It’s been a week since my first physical therapy appointment, two weeks since surgery, and I’ve been working hard on my home exercises. My hardest exercises are the ones geared towards increasing my range of motion to achieve my first goal — 120 degrees of forward flexion and 20 degrees of external rotation at 4 weeks after surgery. As I’ve mentioned before, my shoulder is VERY tight. This is by design. After the dislocation my shoulder was much, much too loose. Along with the repair work he did, the surgeon tightened up the joint capsule to restore stability to the joint. So now I need to gradually work it back into a functional range of motion.
One of the weirder things about this process is how much my proprioception and joint position sense, my sense of how my arm and joint are positioned in space, is very off. Most of the receptors that send that information to our brain are located in the joint capsule.
I noticed back before surgery that I had a feeling like my insides were shaking or vibrating, like an internal tremor. This started the day of the injury and continued until I had surgery. While I haven’t found a lot of research evidence (or any) about that, my theory is that it was due to my brain being more than a little bit freaked out about the feeling of my shoulder being completely unstable and the capsule being all stretched out. That feeling stopped after I had surgery.
Now that the joint capsule as been tightened up my brain has not yet relearned how to interpret this joint position information from these receptors in their new, surgically-modified positions. This position where I’m lying on my back and my forearm essentially points straight up to the ceiling is considered 0 degrees of rotation.

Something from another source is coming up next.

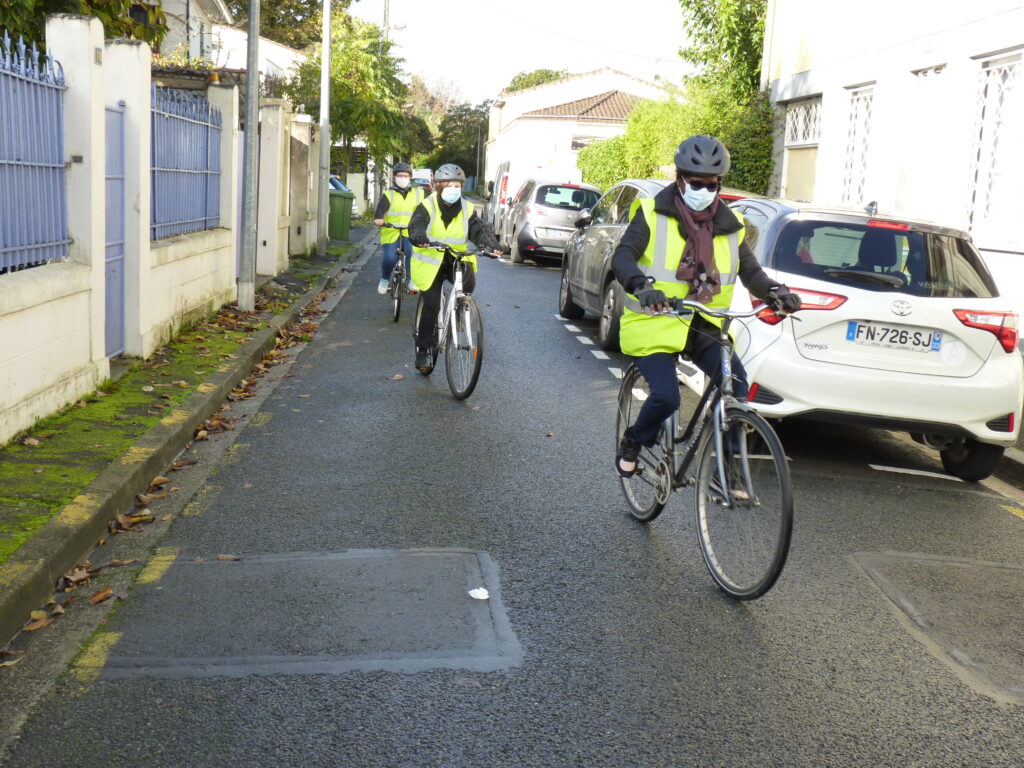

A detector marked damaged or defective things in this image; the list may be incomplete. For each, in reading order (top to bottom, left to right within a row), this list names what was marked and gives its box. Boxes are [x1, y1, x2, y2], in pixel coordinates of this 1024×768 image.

patched asphalt section [94, 548, 520, 679]
patched asphalt section [856, 548, 1024, 708]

But when I close my eyes it absolutely convincingly feels like it is at at least 50 degrees of external rotation.
But then I open my eyes and see that first 0 degree view. It’s the oddest thing.
It’s not quite as disoriented with shoulder flexion as it is with rotation. This makes sense because external rotation stretches out the anterior joint capsule more than flexion. The anterior joint capsule is the part that had to go through the most stretching out from the dislocation and subsequent tightening for the repair. Still I had my husband take this photo of me working on a table slide flexion exercise so that I could see how the joint angle is coming along because I’m not totally sure how reliable my joint position sense is for this plane of motion either.
Most of what I work on with my patients is related to this concept of proprioception. I specialize in finding ways to get the best information to a patient’s brain from their muscles and joints so that they can then have the best, most efficient output coming from the brain to the musculoskeletal system, then back and forth that conversation goes, hopefully with a higher and higher quality of information. This is giving me a close-up experience with relearning this after a significant reorganization! The neurological system is so cool.